CSE5519 Advances in Computer Vision (Topic F: 2021 and before: Representation Learning)

A Simple Framework for Contrastive Learning of Visual Representations

~~Laughing my ass off when I see 75% accuracy on ImageNet. Can’t believe what the authors think after few years, when Deep Learning is becoming the dominant paradigm in Computer Vision.~~

In this work, we introduce a simple framework for contrastive learning of visual representations, which we call SimCLR.
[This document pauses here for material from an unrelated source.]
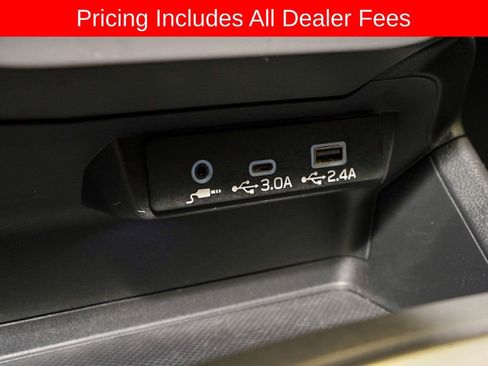 Used 2025 Subaru Crosstrek 2.0i Premium AWD/4WD image 16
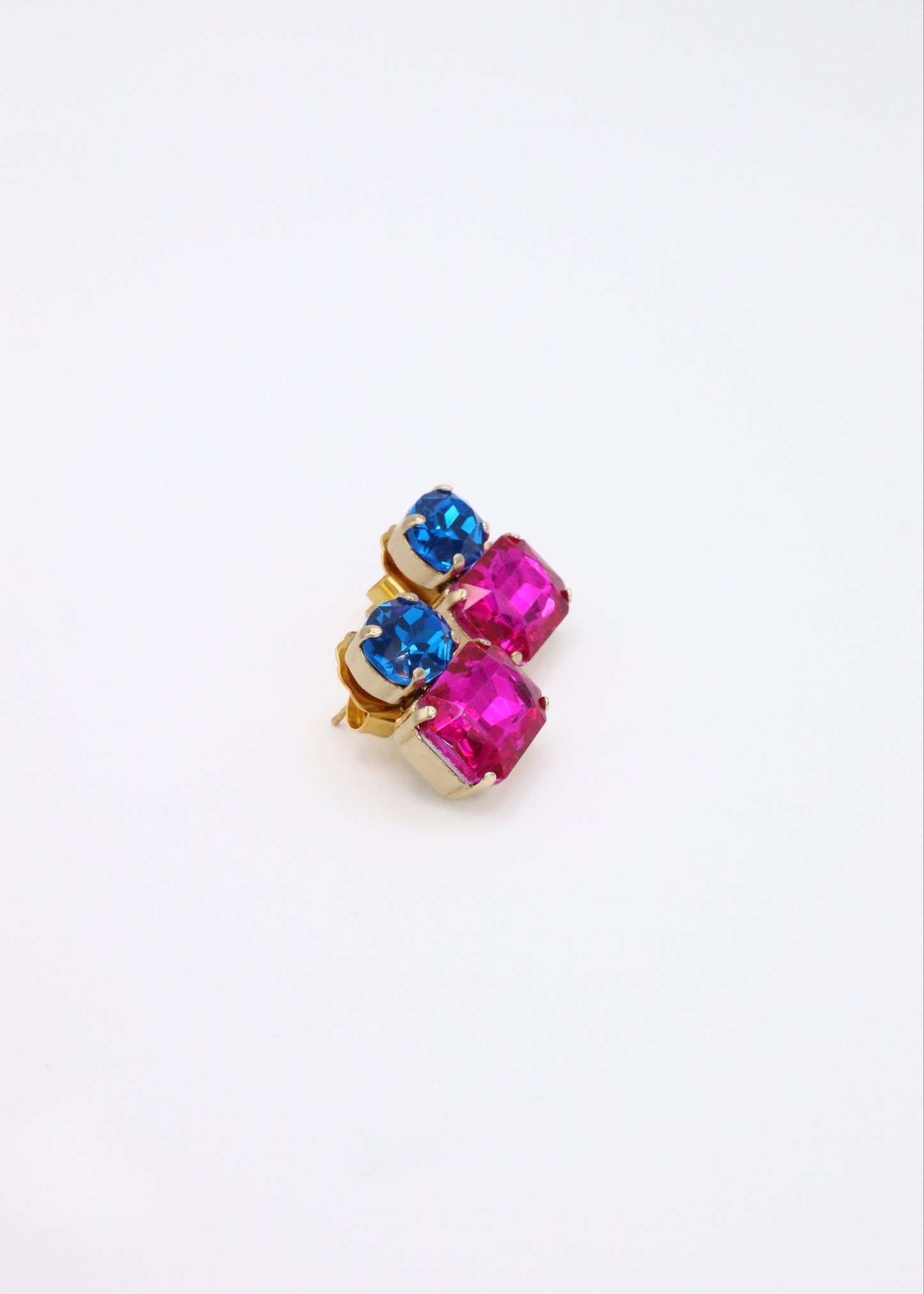 Orecchini Confetti Laura Sciunnach fatti a mano, piccoli e leggeri (3 g), design contemporaneo con dettagli colorati, chiusura a perno con farfallina, gioielli artigianali made in Italy personalizzabili.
Wait, that IS a NEURAL NETWORK?

General Framework

A stochastic data augmentation module

A neural network base encoder $f(\cdot)$

A small neural network projection head $g(\cdot)$

A contrastive loss function

Novelty in SimCLR

Semi-supervised learning with data augmentation.

Tip

In the section “Training with Large Batch Size”, the authors mentioned that:

To keep it simple, we do not train the model with a memory bank (Wu et al., 2018; He et al., 2019). Instead, we vary the training batch size N from 256 to 8192. A batch size of 8192 gives us 16382 negative examples per positive pair from both augmentation views. They use LARS optimizer for stabilizing the training.

What does memory bank means here? And what is LARS optimizer, and how does it benefit the training?